WORK INSTRUCTIONS: Could you print each entry below verbatim while omitting the pictures?

DATA SHOWN:
——————
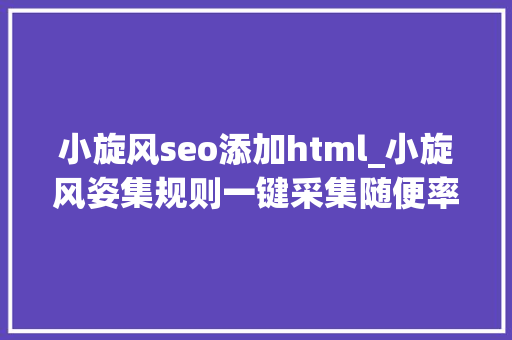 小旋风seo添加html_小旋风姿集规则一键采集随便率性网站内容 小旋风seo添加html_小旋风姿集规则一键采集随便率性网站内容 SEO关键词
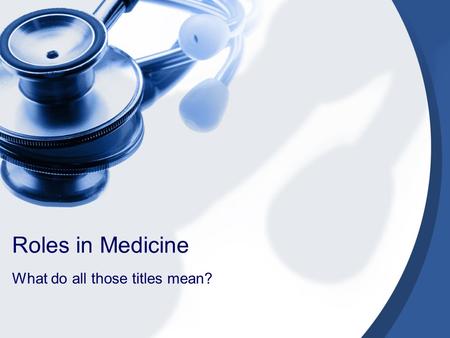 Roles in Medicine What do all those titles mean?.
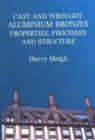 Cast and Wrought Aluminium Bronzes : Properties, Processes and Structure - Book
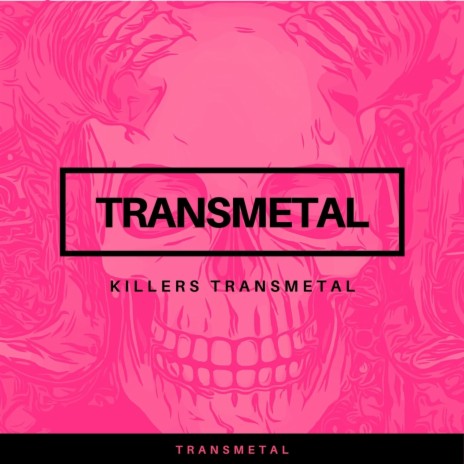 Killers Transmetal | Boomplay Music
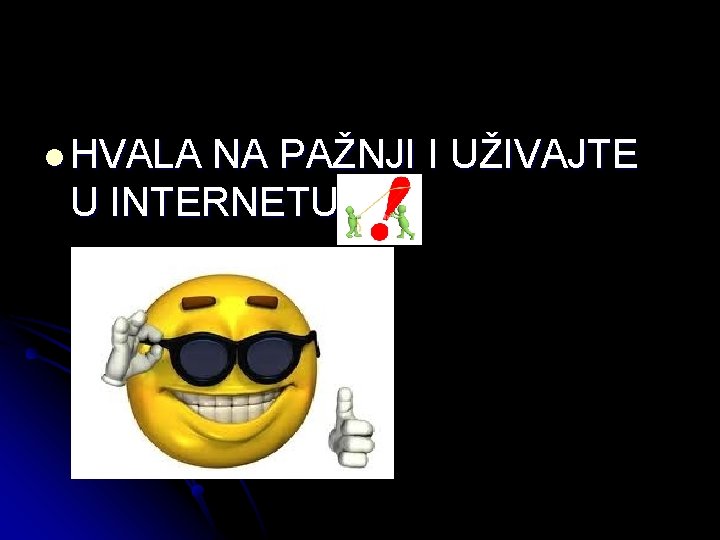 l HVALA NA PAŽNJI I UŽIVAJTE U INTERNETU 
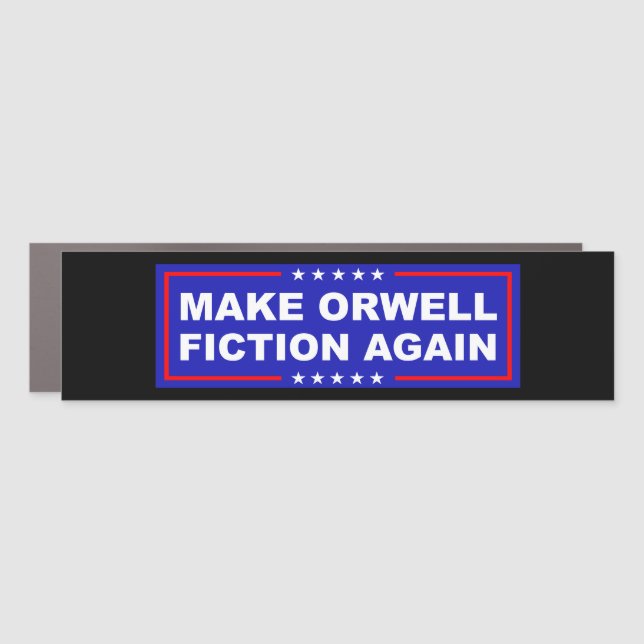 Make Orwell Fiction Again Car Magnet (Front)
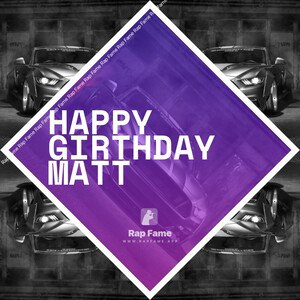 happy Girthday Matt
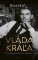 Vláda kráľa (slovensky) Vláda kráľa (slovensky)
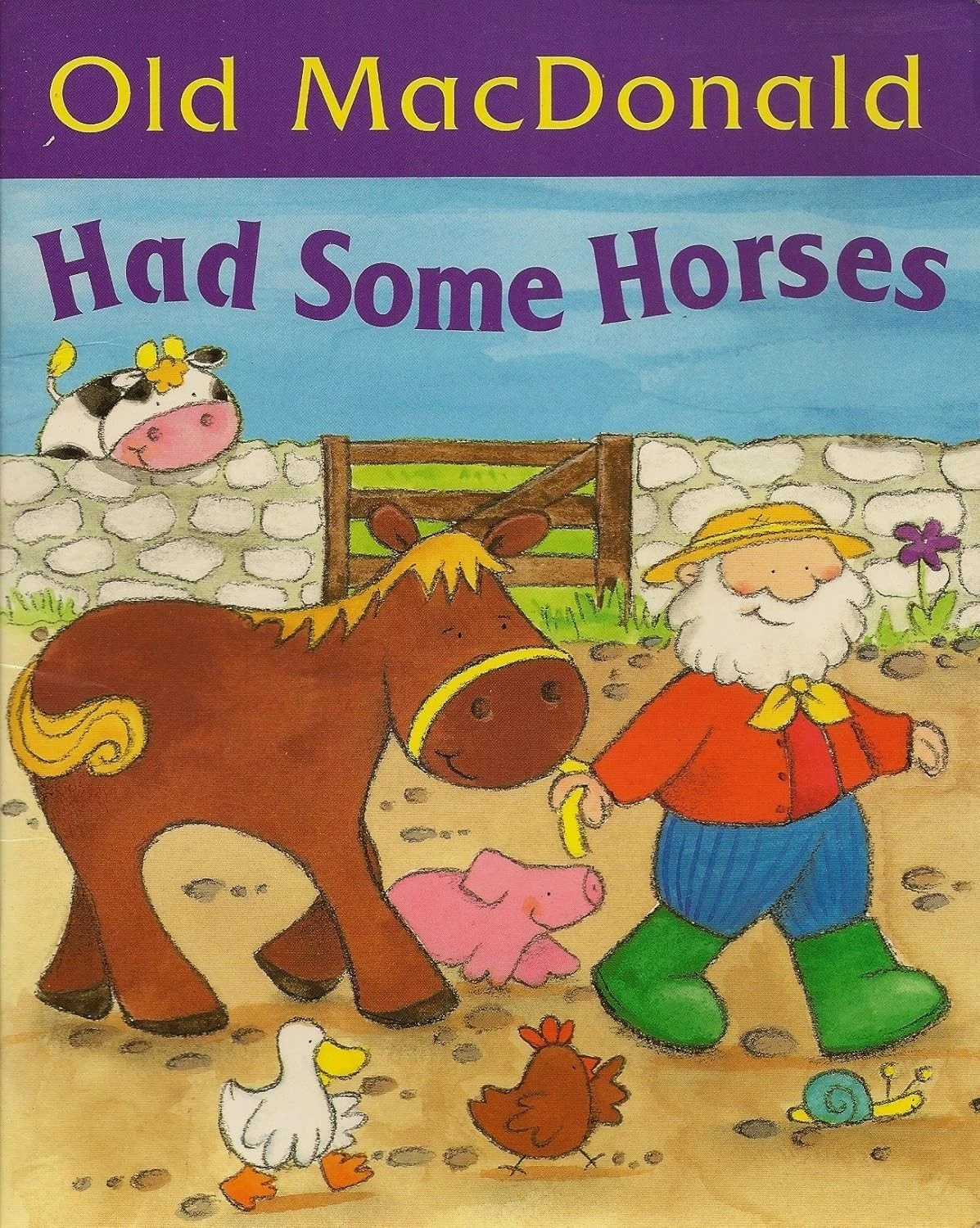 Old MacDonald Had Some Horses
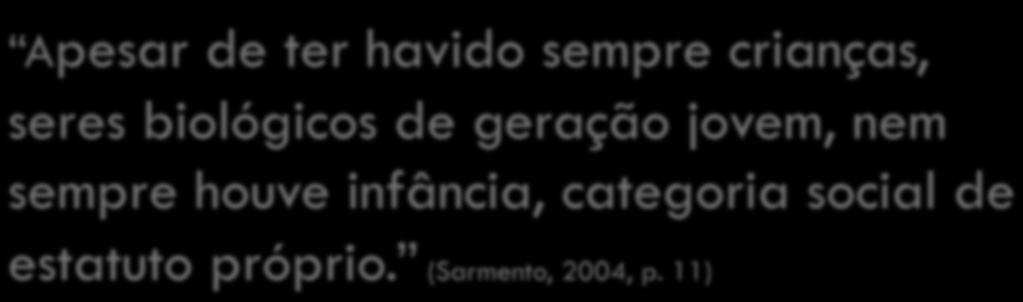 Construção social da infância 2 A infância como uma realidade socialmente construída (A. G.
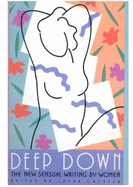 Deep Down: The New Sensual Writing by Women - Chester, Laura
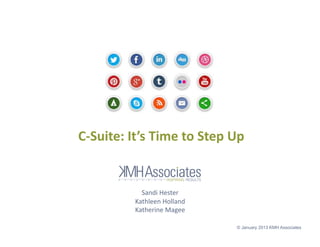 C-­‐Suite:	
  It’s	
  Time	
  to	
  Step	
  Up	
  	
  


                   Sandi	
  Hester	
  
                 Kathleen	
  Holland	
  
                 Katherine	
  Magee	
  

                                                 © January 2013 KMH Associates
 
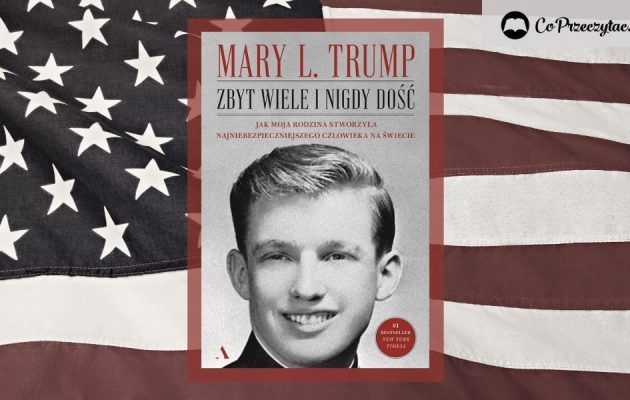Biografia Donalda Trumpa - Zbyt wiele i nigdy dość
——————
OUTPUT OF THE EXERCISE:
 小旋风seo添加html_小旋风姿集规则一键采集随便率性网站内容 小旋风seo添加html_小旋风姿集规则一键采集随便率性网站内容 SEO关键词
 Roles in Medicine What do all those titles mean?.
 Cast and Wrought Aluminium Bronzes : Properties, Processes and Structure - Book
 Killers Transmetal | Boomplay Music
 l HVALA NA PAŽNJI I UŽIVAJTE U INTERNETU 
 Make Orwell Fiction Again Car Magnet (Front)
 happy Girthday Matt
 Vláda kráľa (slovensky) Vláda kráľa (slovensky)
 Old MacDonald Had Some Horses
 Construção social da infância 2 A infância como uma realidade socialmente construída (A. G.
 Deep Down: The New Sensual Writing by Women - Chester, Laura
 C-­‐Suite:	
  It’s	
  Time	
  to	
  Step	
  Up	
  	
  


                   Sandi	
  Hester	
  
                 Kathleen	
  Holland	
  
                 Katherine	
  Magee	
  

                                                 © January 2013 KMH Associates
 
Biografia Donalda Trumpa - Zbyt wiele i nigdy dość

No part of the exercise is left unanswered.